The original plan of the project initially reported here has proven to be infeasible and particularly impractical for now. Following up on our first progress report (Report 1) we redefine our goals and show the current results in the following.
While we followed our project plan in most parts so far we were not able to obtain the hardware needed to complete the upcoming steps. The intended collaboration with another laboratory at EPFL was not successful. Therefore and due to the high costs we mentioned earlier, we are not able to work with our desired drone, the AscTec Hummingbird. We intensely searched for other customizable solutions that would offer both a programmable robot controller and sufficient payload to mount a higher quality camera that would deliver the pictures used for reconstruction. However, there is currently no feasible solution within the frame of this project.
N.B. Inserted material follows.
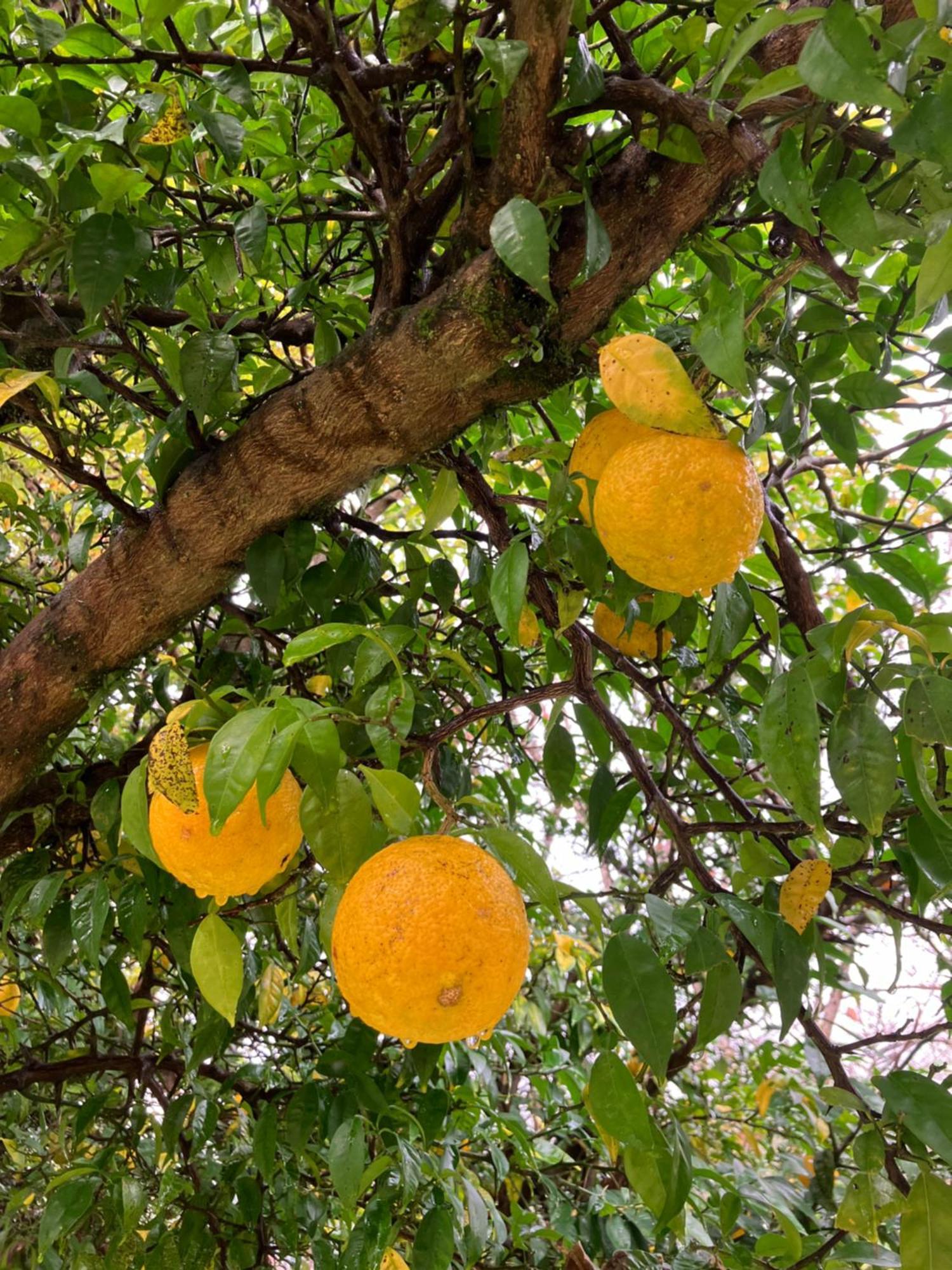 Otsu Nature Garden Akiruno Zewnętrze zdjęcie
Our progress in the reconstruction task allowed us to discuss other ambitious changes in the project goals with our supervisor. Instead of working with drones we decided to offer our reconstruction pipeline as a service to a much larger group of users by developing a web service. Processing amateur videos does not only satisfy the demand of the great public but also offers a large number of opportunities to further develop this project. Possible extensions include enhancing street maps by embedding 3D models of important points of interest. An even further approach might stich videos of different users together to refine models or to connect various models and finally create 3D representations of whole streets or even cities.
Updated progress plan:
Due to the difficulties we have faced we have updated our project plan according to the following. New milestones are illustrated in more detail to explain our new idea.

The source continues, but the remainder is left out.